Research has suggested more people stay for longer in Bowthorpe, leading to three generations of the same family living in the area.
And Miss Simpson said the community spirit was still strong. She said this was aided by the community groups and village halls, plus the church housing six denominations. Her brother Ray was licensed as Bowthorpe’s first full-time minister for nearly 200 years in 1978. Miss Simpson said Bowthorpe News, the community magazine she edits, also aims to be posted through the letterbox of every property. She said: “We still try to make sure in every single road in Bowthorpe there is somebody that cares for their street. That doesn’t always happen, but in quite a lot of places they will notice if someone is new and welcome them.”
Of the Three Score proposals, Miss Simpson said: “There does need to be very careful planning for that. It should go back to the master plan, which states that in Three Score there’s a school.
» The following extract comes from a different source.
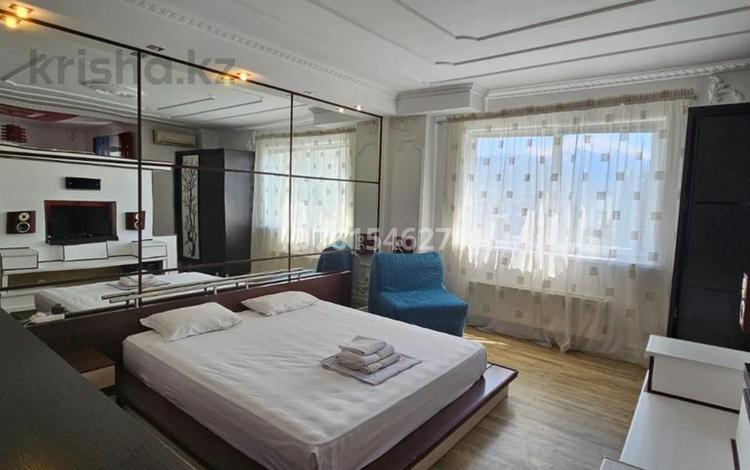 1-комнатная квартира · 60 м² · 23/25 этаж, Абиша Кекилбайулы за 18 000 ₸ в Алматы, Бостандыкский р-н — фото 2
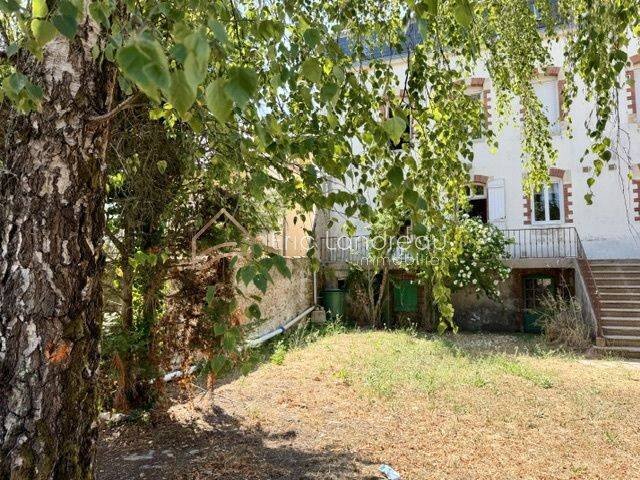 Maison 8 pièces 142 m² · à Talmont-Saint-Hilaire · 142 m² · 263 600 €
I think that’s unlikely to happen.”
Documents from 1978 stated the new Bowthorpe development would house 13,649 people in 5,208 properties. Census data from 2011 shows there were 11,683 people living in 4,907 properties in the council’s Bowthorpe ward.
The council’s profile of Bowthorpe, based on a range of sources including police and Office of National Statistics figures, shows the crime and anti-social behaviour rates are lower than the Norwich average. But this does not stop people feeling slightly less safe in Bowthorpe at night compared to the rest of the city, the data adds.
There is a higher proportion of residents of the area who have no qualifications, although Bowthorpe beats the city average for the percentage of pupils passing five GCSEs, including English and Maths – 52.21pc compared to the 48.05pc in the city in 2011.
Life expectancy is 81.4 years for females living in Bowthorpe, compared to 83.2 years in Norwich. For Bowthorpe men, they can expect to live to 75.1 years, while in Norwich it is 77.7.
Beyond the numbers, Bowthorpe county councillor Paul Wells said: “It’s had a bumpy past, but as a community it has a lot more going for it than most people realise. There’s not very many places where you can be in the city in 20 or 30 minutes on a bus and be in beautiful fields in five minutes. It’s not unfair to say Bowthorpe has an unwarranted reputation.
“You do hear people say they think Bowthorpe is a rough area – but it’s a nice peaceful area with good community spirit centred around the Bowthorpe Centre and local shops.
“I think it’s one of those places that if people knew more about it, they would want to live here. That’s why so many people come to Bowthorpe and don’t leave.”
Mr Wells, of Chapel Break, said the development of the university, research park and the Norfolk and Norwich University Hospital had had an impact and could increase the opportunities for people living in the area. He added: “It will be a strange day if these proposed houses [at Three Score] are built – as that’s the day Bowthorpe stops being a work in progress.”